Addressing the finance committee, transit director Michelle Ferrigan outlined the training and media plans in place to make the transition as easy as possible, which include 90 days of training on the new system for some key staff.
“They will be experts,” Ferrigan said. “Communication is key to success.”
She also unveiled GOVA, “a distinctive name and visual symbol” derived from the English and French words for 'go.'
“It's modern, simple, fresh and fun graphic elements represent some of the most impactful system improvements that riders can expect from the Transit Action Plan: Better Routes. Better Schedules. Better Service,” the city said in a news release.
Some of the big changes include:
- Routes with the highest ridership have been developed to offer service every 15 to 30 minutes along major traffic corridors. An example of a high frequency route is the new No. 1 Main Line / Circuit Central that will travel directly from the South End Walmart to New Sudbury Centre with no transfers necessary.
- Multiple stops and return trips are encouraged with a new 90-minute transfer policy that allows riders to run an errand then reboard a bus to continue travelling on any route.
- The prices of monthly passes for adults and students have been reduced and discounts for seniors and persons with a disability have been maintained.
- On-demand TransCab service, connecting residents between their homes and transit buses, will be renamed GOVA Zone to represent the reach of public transit to designated areas of the city beyond traditional bus routes.
- And Handi-Transit, offering specialized service to persons with disabilities, will be renamed GOVA Plus to represent a safe and dignified travel option for those who are unable to use the regular transit system for either part of or their entire trip.
New updated rider guides and maps will provide the information needed to navigate the enhanced transit system, Ferrigan said.
“Right now it's a little difficult to find your way,” she said.
During the Aug. 26 launch of the new system, “transit ambassadors” will ride buses and will be stationed at major transfer points to answer questions and help riders find their way.
Despite all the planning, Ferrigan said they expect there will be issues, and support staff will be on hand to help drivers and the public address them.
“Just like a wedding, things will happen,” she said.
Ward 2 Coun.
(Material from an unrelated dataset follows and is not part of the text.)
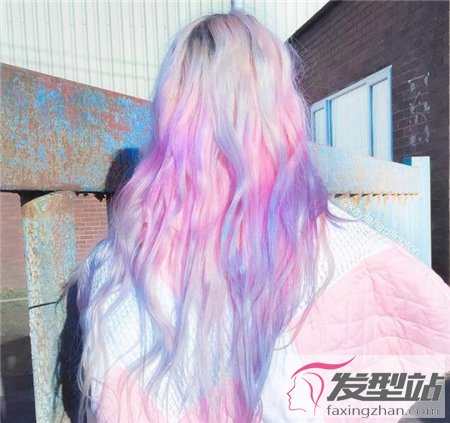 女孩頭發(fā)怎么染有個(gè)性 酷炫染發(fā)的致命魅力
Michael Vagnini said many people in his ward are concerned the new system will create new problems.
“Can there be changes made after Aug. 26?” Vagnini asked.
“There are a lot of moving parts when you're changes a transit system to this extent,” Ferrigan said, adding they expect to have unforeseen issues crop up and will deal with them as they arise.
“Nothing is written in stone,” she said. “We anticipate a few weeks of having to massage the system a little bit.”